Our vet estimated that she was about a year old when we adopted her at the end of July, 2001, so we assigned her a birth date of July 31, 2000. She took almost no time to adapt to living with us. She was clean and playful and smart. She could run like the most graceful of animals. The first time we took her to the beach, she ran all the way up a high dune. We raced after her, fearful we’d never see her again, but there she was waiting for us at the top. It took a long time before she was ever let off the leash again.
Cassie was with us during that dreadful fall of 2001 in the aftermath of 9/11. She was such a positive distraction. When my family, all shaken still by the events of that September, gathered for Thanksgiving, it was Cassie who made us laugh. She was still new and puppy-like, and she’d run from one member of the family to another, excited and happy.
Once she settled in, she became calm and unflappable. No matter where we took her—to the Cape, to a new house, to a temporary apartment before our new house was ready, to our cottage—she adapted almost instantly. We even once dragged her all the way to Geneva, New York, so she could visit Maddy at college. She was great in the car, great with children, and great with us. I often felt badly that she was growing up in a home with no small children since she would get so excited any time she saw a young child. And children loved her. She would kiss them, and they would hug her.

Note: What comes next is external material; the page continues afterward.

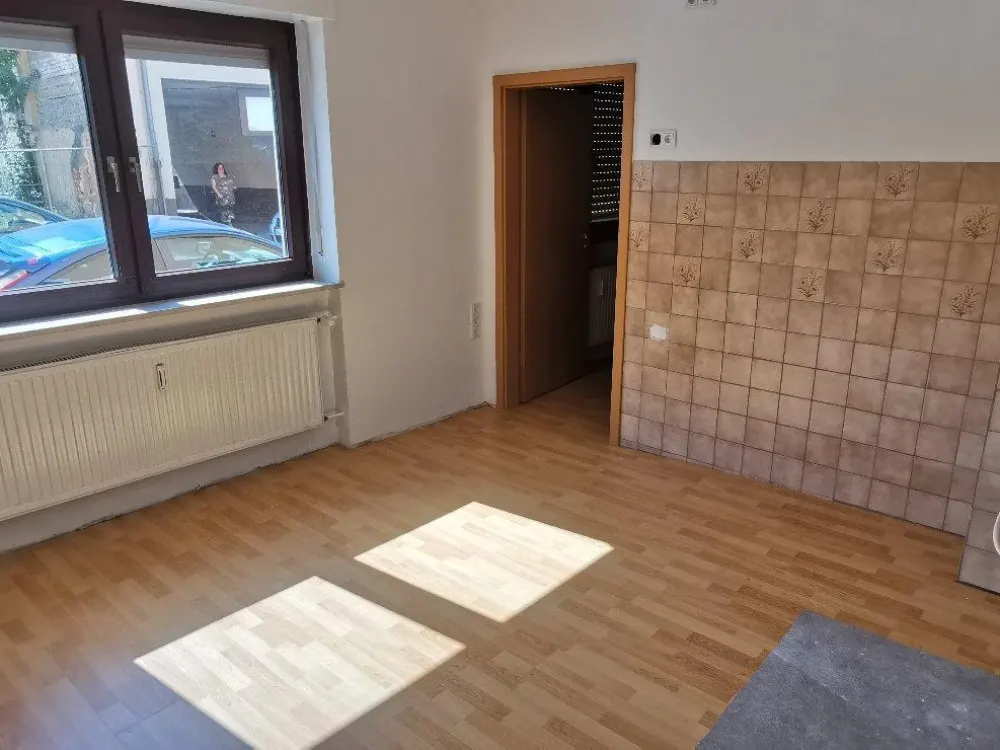 3ZKB, Frisch renovierte Wohnung im EG, 58 m² in SB-Burbach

About the only thing she didn’t like were elevators. Can’t say that I blame her. She liked going to the groomer, she liked going to the vet. She liked strangers, she liked anyone. She didn’t bark at people at the door or those who entered our home. She never jumped on people or pushed them around, despite the collie herding instinct. She was definitely not a watchdog. She was a love dog.
And our cats Smokey and Luna adored her. From when they were little kittens, they would curl up on her, and to the very end of her long life, Smokey still treated her like his mother, kneading his (clawless) front paws into her belly and nuzzling his nose into her fur. The only thing that seemed to light up Cassie’s eyes as she declined was Smokey. She would even chase after him a bit to play.
Cassie was an incredible companion—on long walks in the neighborhood or the woods or the beach (even though she didn’t love the beach much) and just being with us in our home. She was always right there with us wherever we went. I can’t tell you how much we will miss her and how much we agonized over her decline and our final decision to give her peace. But she had been there for us, and we had to be there for her.
So we are at peace. She is no longer distressed and confused, and we can look back with deep love and gratitude for the fourteen years we had her with us. Goodbye, Cassie. You will always be our dog, and we will always keep you in our hearts.